WHAT IS REQUIRED :: Copy, please, the line with "Kapok Würfelkissen (Grün/Elefanten)" and each line that follows it through the end of the data below, exactly as given and without pictures.

** Opening DATA EXTRACT block **

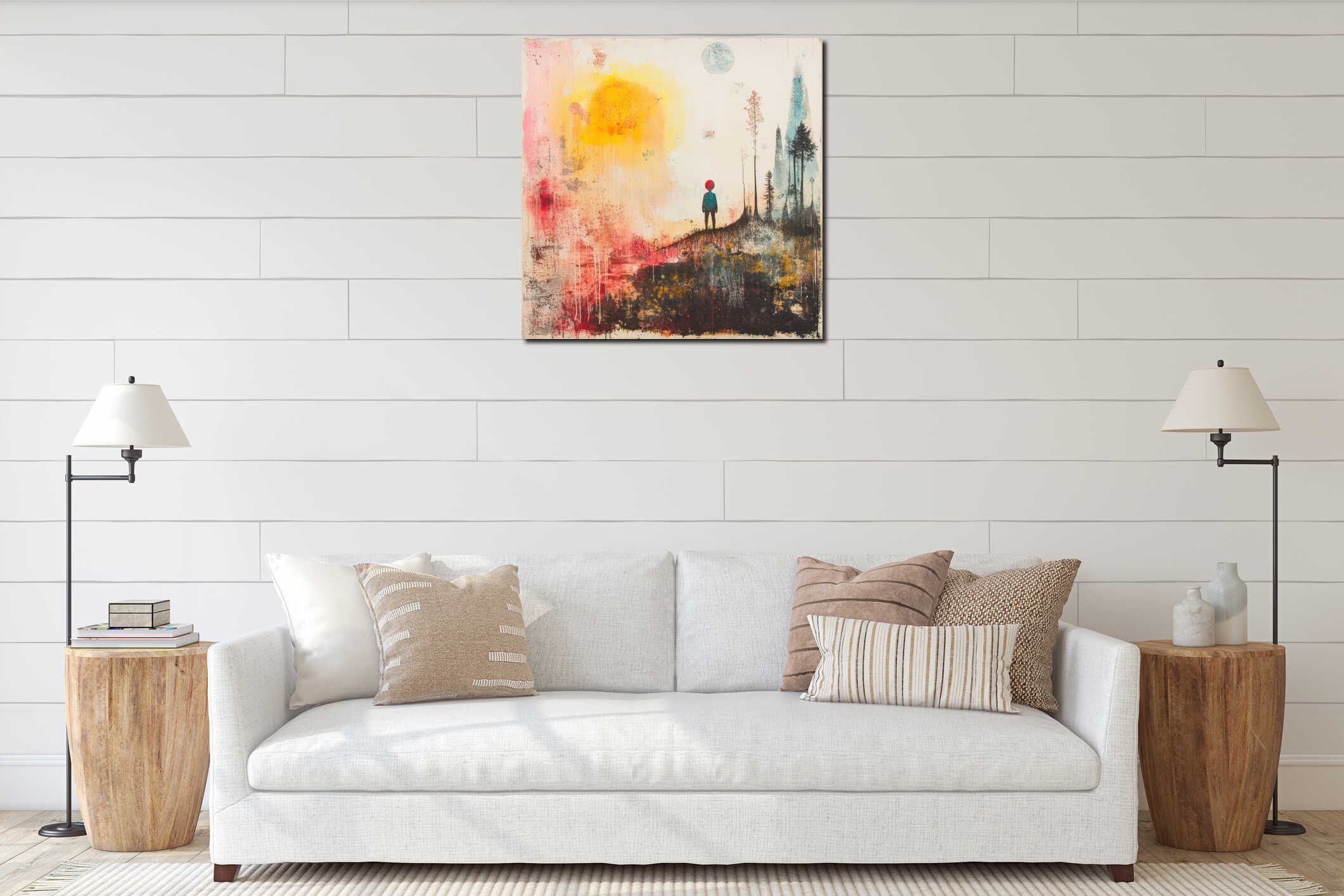 Canvas hanging interior mockup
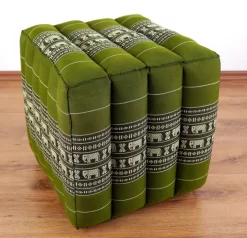 Kapok Würfelkissen (Grün/Elefanten)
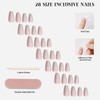 28Pcs Press on Nails Medium, Fake Nails with Designs, Light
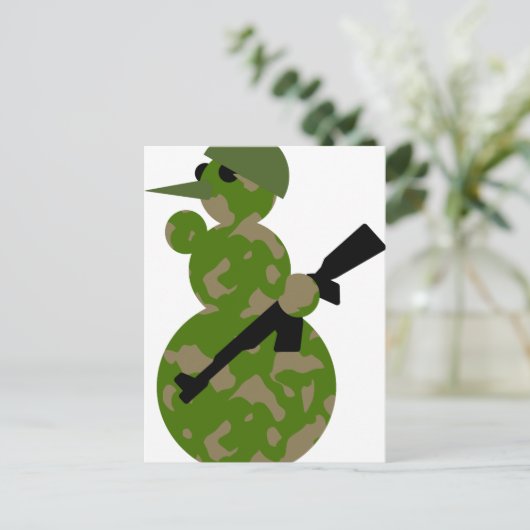 Cartes Pour Fêtes Annuelles noël de l'armée de neige (Debout devant)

** Closing DATA EXTRACT block **

SOLUTION TO THE PROBLEM ::
 Kapok Würfelkissen (Grün/Elefanten)
 28Pcs Press on Nails Medium, Fake Nails with Designs, Light
 Cartes Pour Fêtes Annuelles noël de l'armée de neige (Debout devant)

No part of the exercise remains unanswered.